VIII. – TERMS OF PEACE
I have said that the unfounded claim of Texas to the territory between the Nueces and the Rio Norte, was the greatest impediment to peace. Of this there can be no doubt. For if, relinquishing the spirit of military conquest, nothing shall be required but the indemnities due to our citizens, the United States have only to accept the terms which have been offered by the Mexican Government. It consents to yield a territory five degrees of latitude, or near 350 miles in breadth, and extending from New Mexico to the Pacific. Although the greater part of this is quite worthless, yet the portion of California lying between the Sierra Neveda and the Pacific, and including the port of San Francisco, is certainly worth much more than the amount of indemnities justly due to our citizens.

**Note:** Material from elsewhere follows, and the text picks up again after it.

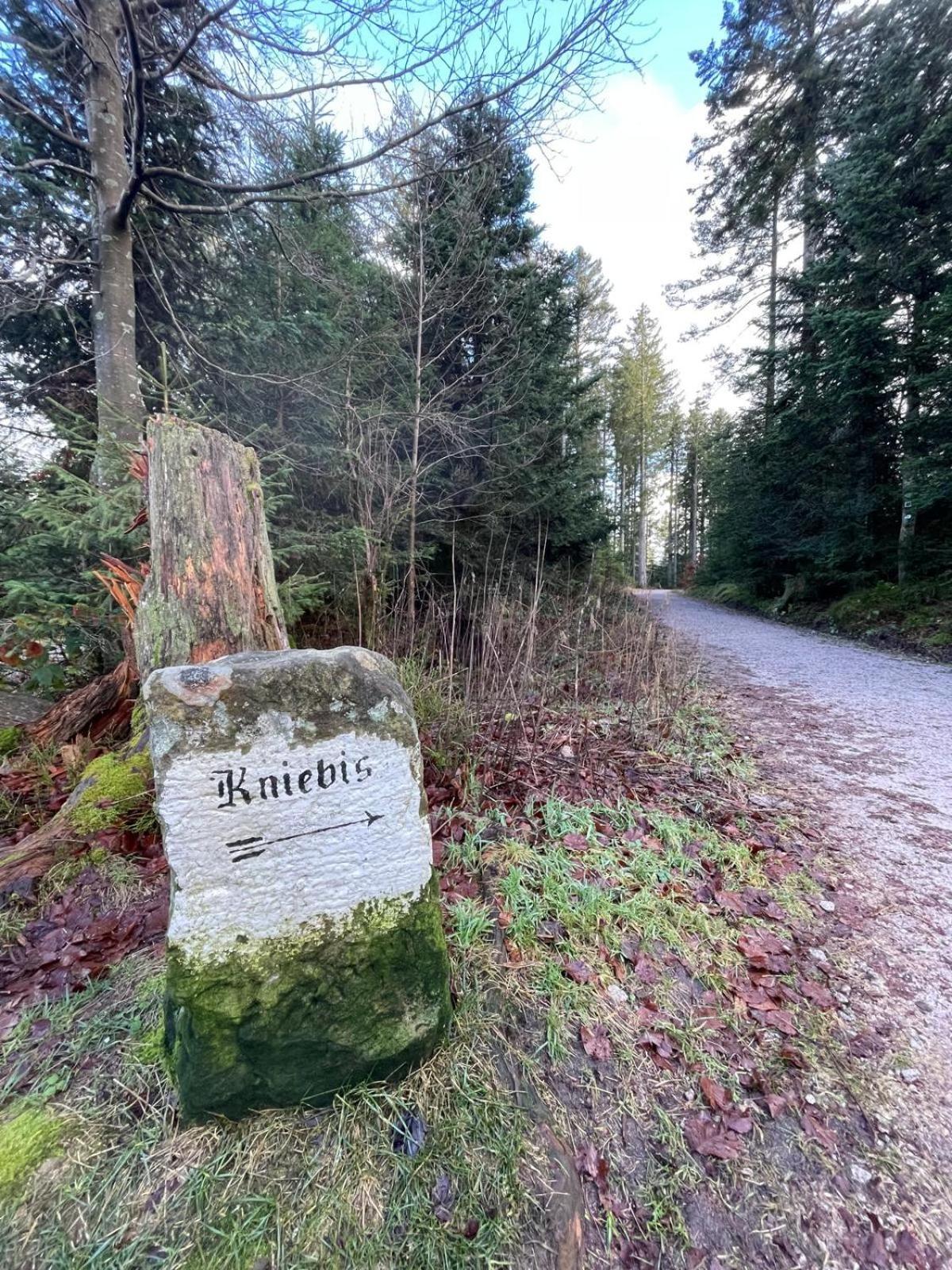 Ferienwohnung In Freudenstadt-Kniebis III エクステリア 写真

It is only in order to satisfy those claims, that an accession of territory may become necessary.
It is not believed that the Executive will favor the wild suggestions of a subjugation, or annexation of the whole of Mexico, or of any of its interior provinces. And, if I understand the terms offered by Mr. Trist, there was no intention to include within the cessions required, the Province of New Mexico. But the demand of both Old and New California, or of a sea-coast of more than thirteen hundred miles in length (lat. 23° to 42°), is extravagant and unnecessary. The Peninsula is altogether worthless, and there is nothing worth contending for South of San Diego, or about lat. 32°.
In saying that, if conquest is not the object of the war, and if the pretended claim of Texas to the Rio del Norte shall be abandoned, there cannot be any insuperable obstacle to the restoration of peace, it is by no means intended to assert that the terms heretofore proposed by either party are at this time proper. And I apprehend that the different views of the subject entertained by those who sincerely desire a speedy and just peace, may create some difficulty. There are some important considerations which may become the subject of subsequent arrangements. For the present, nothing more is strictly required than to adopt the principle of status ante bellum, or, in other words, to evacuate the Mexican territory, and to provide for the payment of the indemnities due to our citizens. The scruples of those who object to any cession whatever of territory, except on terms unacceptable to the Southern States, might be removed by a provision, that would only pledge a territory sufficient for the purpose, and leave it in the possession of the United States until the indemnities had been fully paid.
Was I to listen exclusively to my own feelings and opinions, I would say, that, if the propositions which I have attempted to establish are correct; if I am not mistaken in my sincere conviction, that the war was unprovoked by the Mexicans, and has been one of iniquitous aggression on our part; it necessarily follows that, according to the dictates of justice, the United States are bound to indemnify them, for having invaded their territory, bombarded their towns, and inflicted all the miseries of war on a people, who were fighting in defence of their own homes. If all this be true, the United States would give but an inadequate compensation for the injuries they have inflicted, by assuming the payment of the indemnities justly due to their own citizens.
Even if a fair purchase of territory should be convenient to both parties, it would be far preferable to postpone it for the present, among other reasons, in order that it should not have the appearance of being imposed on Mexico. There are also some important considerations, to which it may not be improper to call at this time the public attention.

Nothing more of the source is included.